Here are the previous chapters:

(image credit: Future)

An era came to an end a few months ago when Best Buy announced it would no longer sell DVD and Blu-ray discs in its stores, almost 27 years since the digital optical disc format first hit retailers early in 1997 in the U.S. In its coverage, TWICE noted that DVD and Blu-ray were “once a major economic driver for the studios,” but that “the physical media industry is rapidly crumbling in the shadow of streaming platforms.”

Nearly three decades is an unusually lengthy lifespan for the viability of a technology or media, which usually measures around 20 years. For instance, movies on videotape were introduced in 1977 and lasted only a few years into the DVD era in the late 1990s. Vinyl record albums, which had replaced 78rpm shellac discs, had barely turned 20 when the audio cassette rose to prominence in the early 1970s. The audio cassette hadn’t yet turned 20 when the CD appeared. And the CD hadn’t yet reached 20 when the first MP3 files started to get swapped online.

Why has DVD/Blu-ray survived longer than previous physical multimedia platforms from the last century? Possibly because it avoided the platform wars other A/V formats endured, gaining input and support from divergent hardware, content, and computer constituencies during its development. Possibly the developers surveyed the damage wreaked by the other platform wars of the period and sanity finally prevailed. I contend that, unlike the other platform wars, DVD benefited from the presence of a referee more respected and more powerful than the individual dueling consumer electronics manufacturers and Hollywood studios.
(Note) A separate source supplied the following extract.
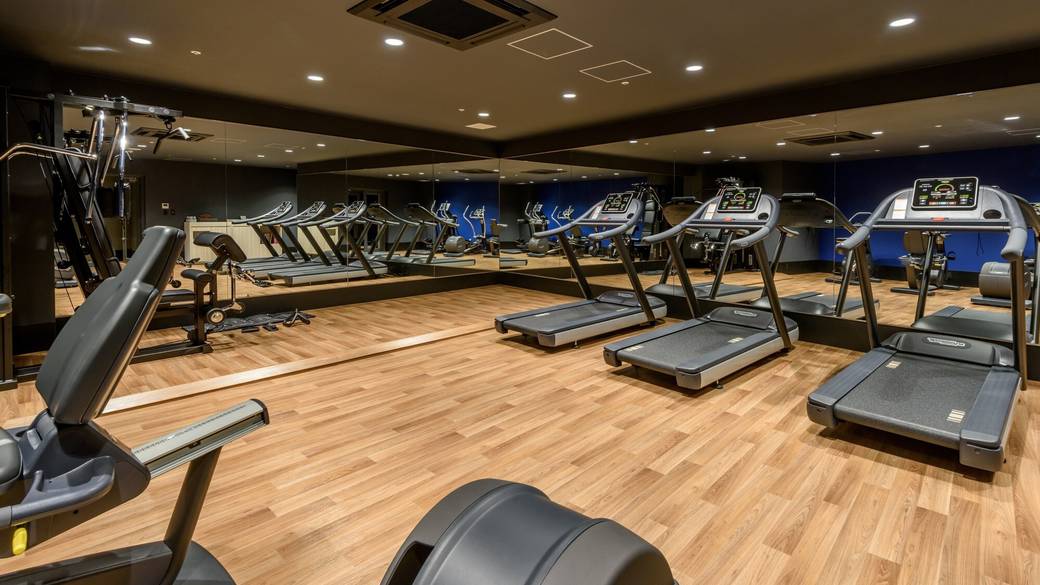 朝からひと運動！
高性能マシンの揃うジム / 3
Whatever the reason for its longevity, DVD seems more the exception than the rule as far as platform wars past and present are concerned, all of which make it a fascinating case study on how major players could agree that it was better to get along despite their technical differences, corporate egos, and greed.

But the road to DVD actually started with a different optical disc format: laserdisc.

The Turtle

What follows is an updated and compacted version of a history of DVD I wrote in 2002 for a now-defunct magazine called DVD Etc. I don’t think the company that published that magazine still exists, so I feel free to plagiarize my own previously published DVD history.

Simultaneous with the development of the CD in the last 1970s and early 1980s so was its optical disc video sibling – the laserdisc.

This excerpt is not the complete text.